* **DIRECTIONS FOR THIS TASK**:
From the first line of the listing below, retype each line up to and including the one with "Used 2018 Chevrolet Equinox LT image 19"; pictures stay out.

* **THE INPUT**:
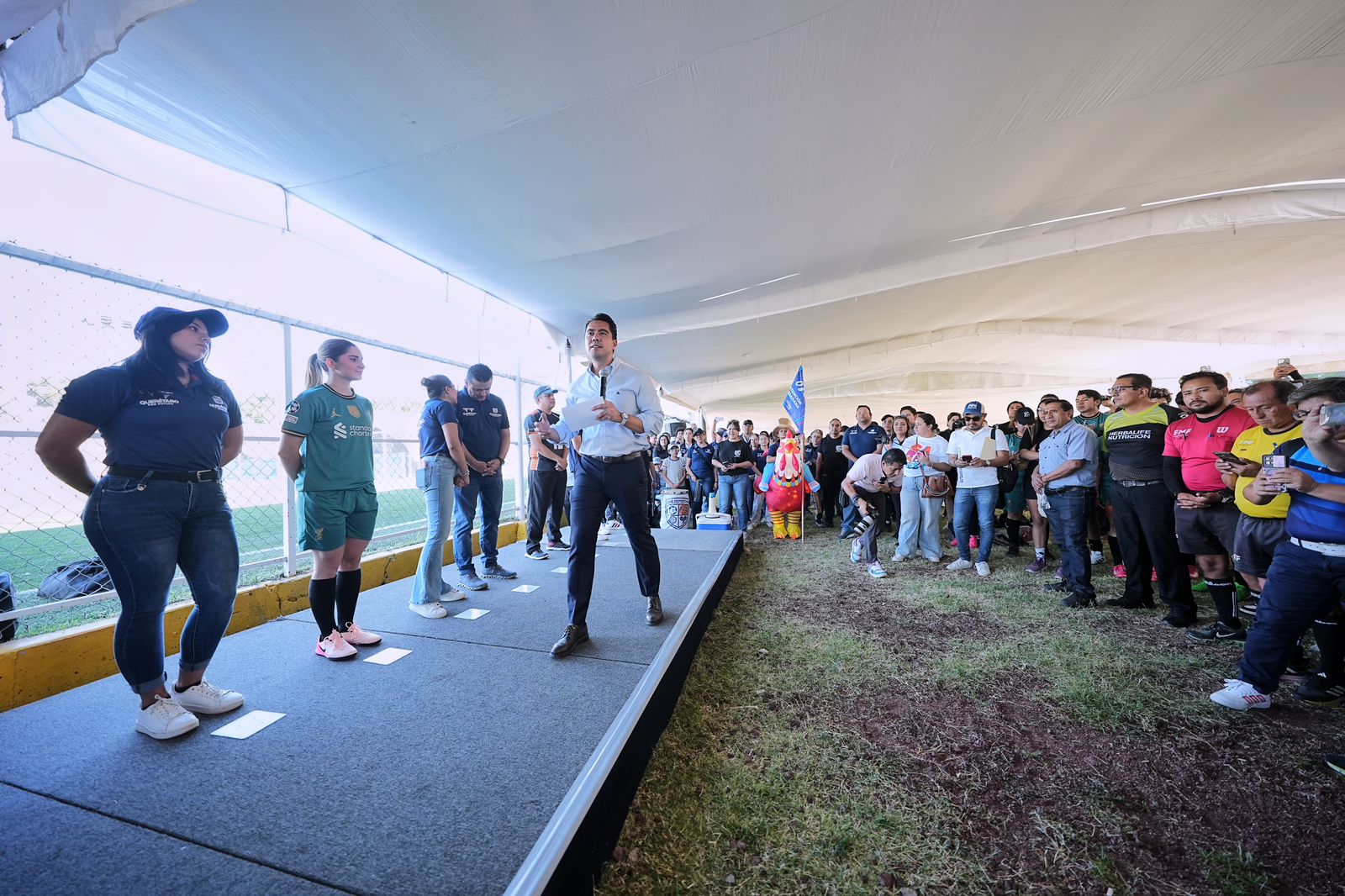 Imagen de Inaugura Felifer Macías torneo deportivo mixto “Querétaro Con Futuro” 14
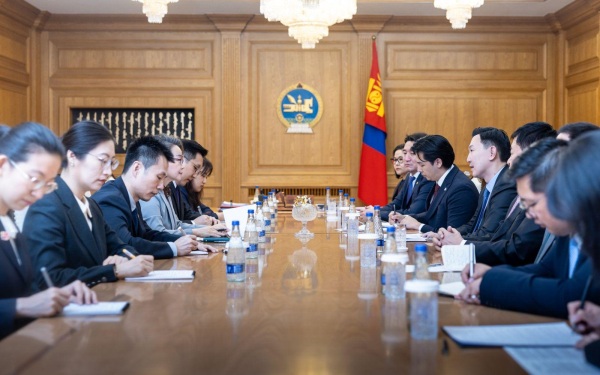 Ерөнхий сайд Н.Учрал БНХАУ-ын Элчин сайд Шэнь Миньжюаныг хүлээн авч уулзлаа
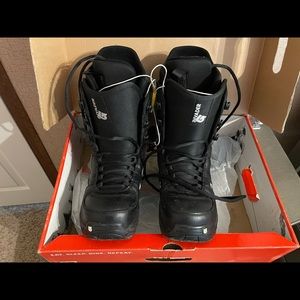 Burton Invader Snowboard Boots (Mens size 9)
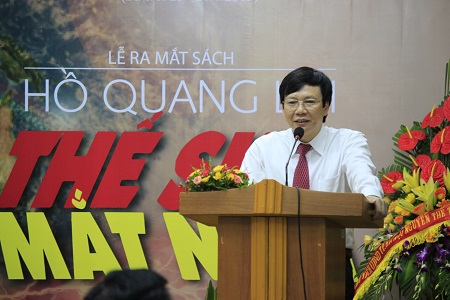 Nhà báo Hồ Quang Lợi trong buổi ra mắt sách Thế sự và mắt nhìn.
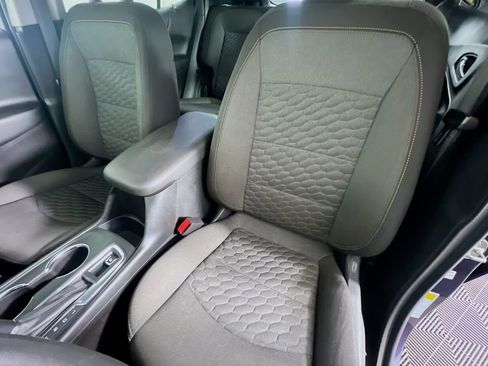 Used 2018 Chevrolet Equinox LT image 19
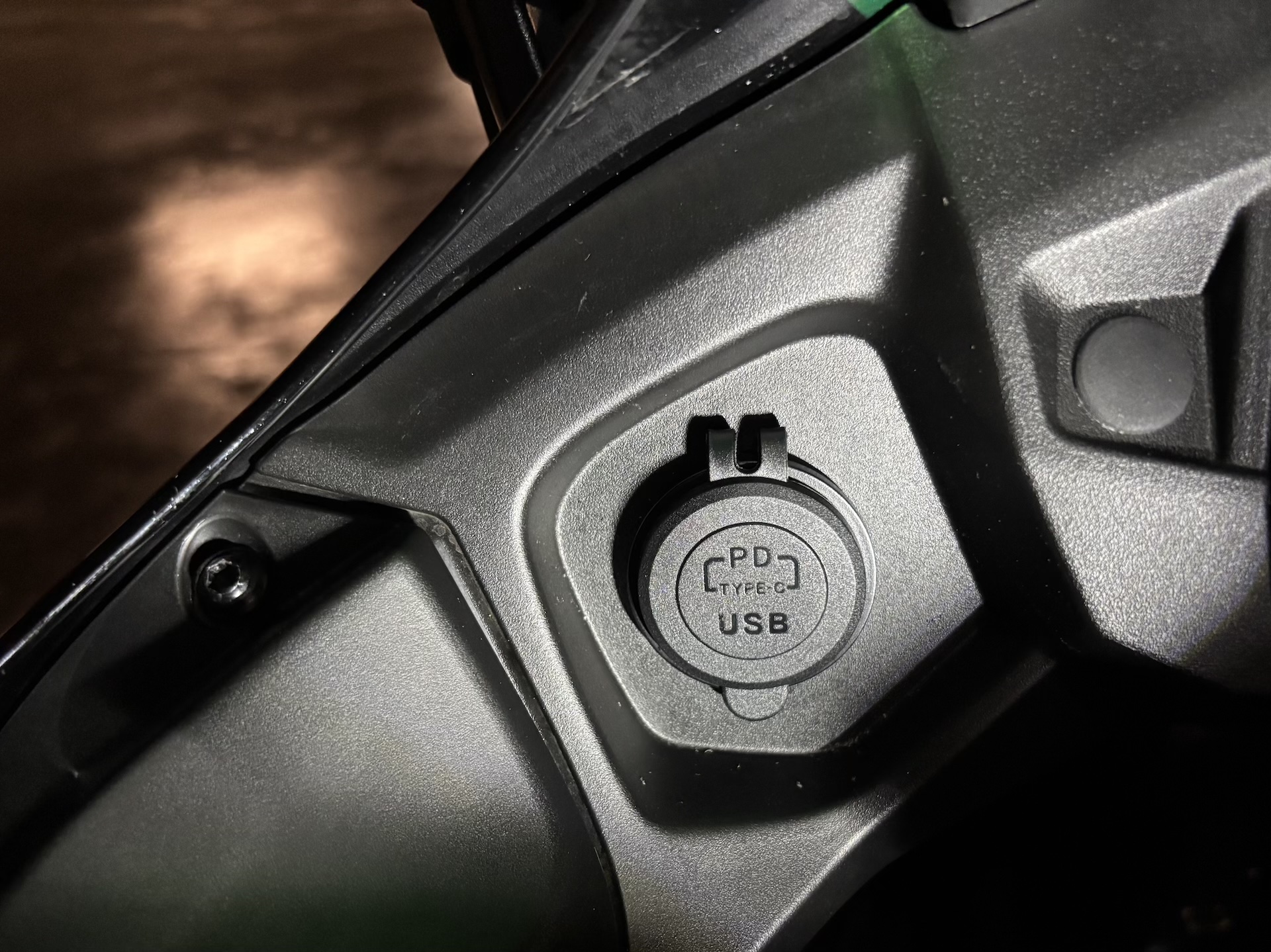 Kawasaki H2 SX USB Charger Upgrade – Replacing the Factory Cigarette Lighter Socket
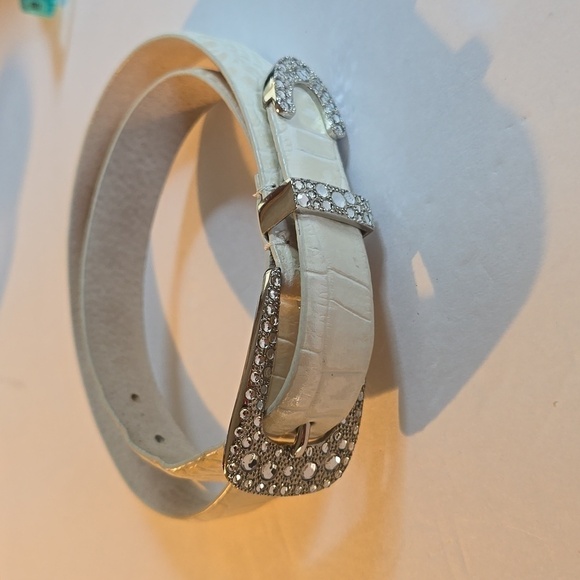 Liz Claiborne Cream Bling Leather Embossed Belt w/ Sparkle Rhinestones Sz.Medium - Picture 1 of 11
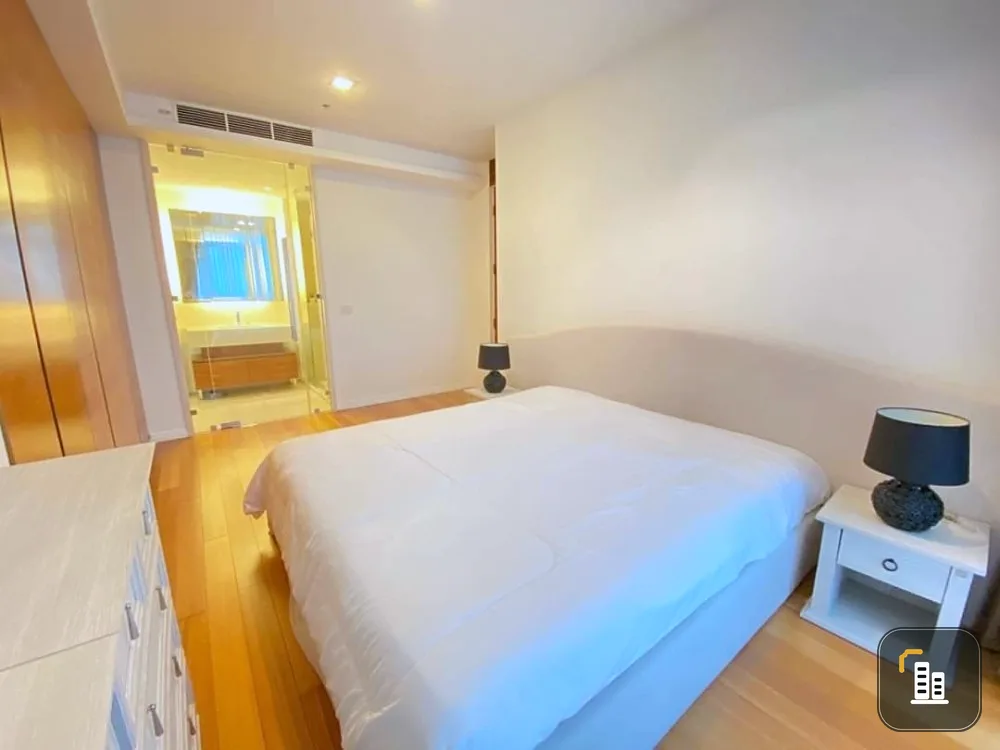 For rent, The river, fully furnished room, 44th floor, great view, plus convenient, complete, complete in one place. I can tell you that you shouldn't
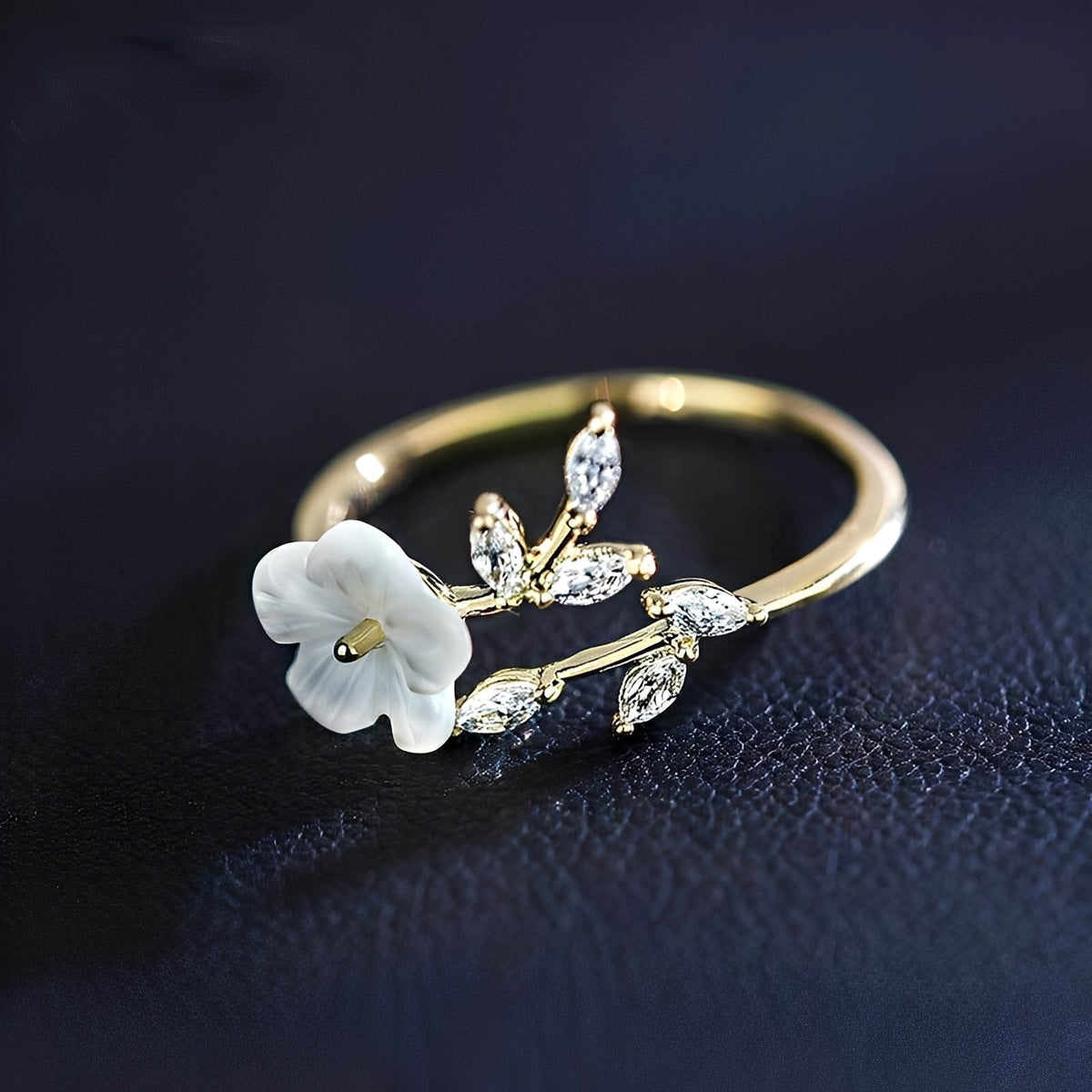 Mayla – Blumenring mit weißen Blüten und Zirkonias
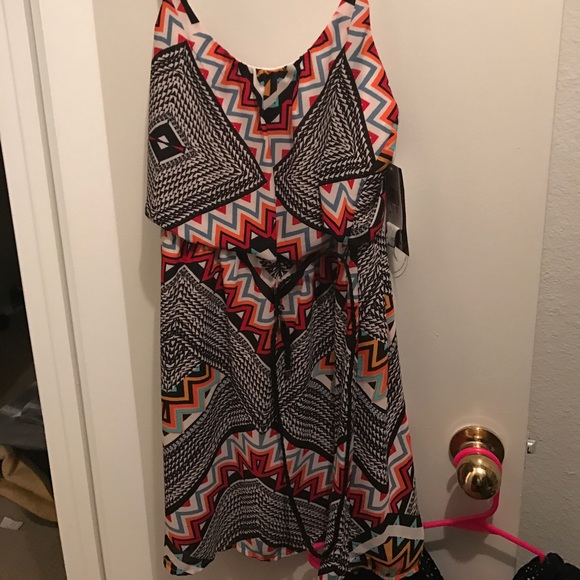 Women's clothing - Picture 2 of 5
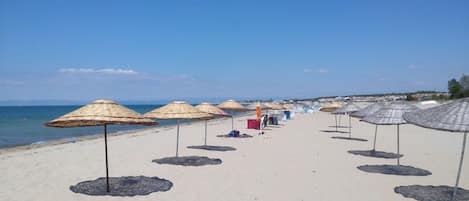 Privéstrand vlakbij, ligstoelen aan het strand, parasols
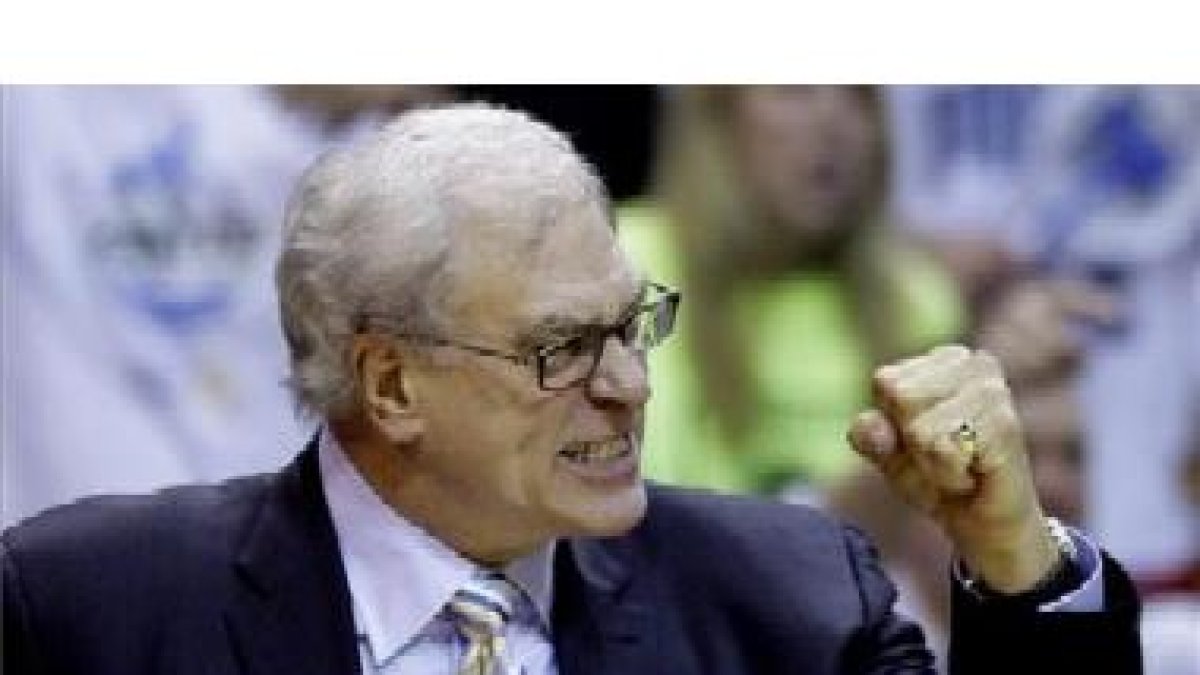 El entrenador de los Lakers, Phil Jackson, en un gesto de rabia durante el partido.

* **EXERCISE OUTPUT**:
 Imagen de Inaugura Felifer Macías torneo deportivo mixto “Querétaro Con Futuro” 14
 Ерөнхий сайд Н.Учрал БНХАУ-ын Элчин сайд Шэнь Миньжюаныг хүлээн авч уулзлаа
 Burton Invader Snowboard Boots (Mens size 9)
 Nhà báo Hồ Quang Lợi trong buổi ra mắt sách Thế sự và mắt nhìn.
 Used 2018 Chevrolet Equinox LT image 19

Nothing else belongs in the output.